Print the lines of the entries below from the one with "لودر کاترپیلار ۹۵۰|خودرو" through the final line, exactly as they appear. The pictures are not part of the copy.
Supplied records Block Start
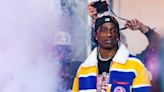 Travis Scott And Live Nation Have Only One Wrongful-Death Lawsuit Pending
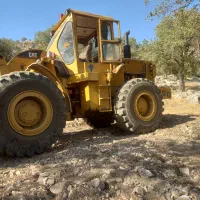 لودر کاترپیلار ۹۵۰|خودرو سنگین|نورآباد ممسنی, |دیوار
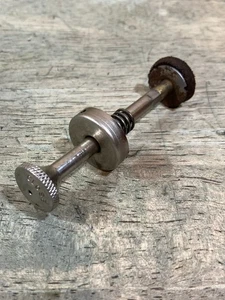 Coleman 530 GI Stove - Pump Assembly - Picture 1 of 11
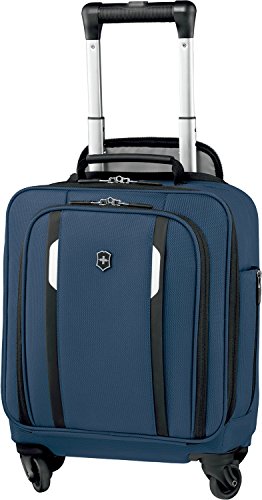 Victorinox werks traveler 2025 5.0 wt wheeled duffel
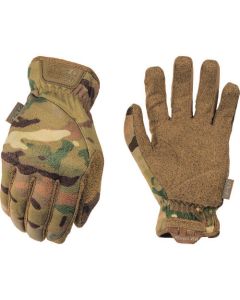 Tactical Gloves FastFit 1ชุด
Supplied records Block End
• Result of this task
 لودر کاترپیلار ۹۵۰|خودرو سنگین|نورآباد ممسنی, |دیوار
 Coleman 530 GI Stove - Pump Assembly - Picture 1 of 11
 Victorinox werks traveler 2025 5.0 wt wheeled duffel
 Tactical Gloves FastFit 1ชุด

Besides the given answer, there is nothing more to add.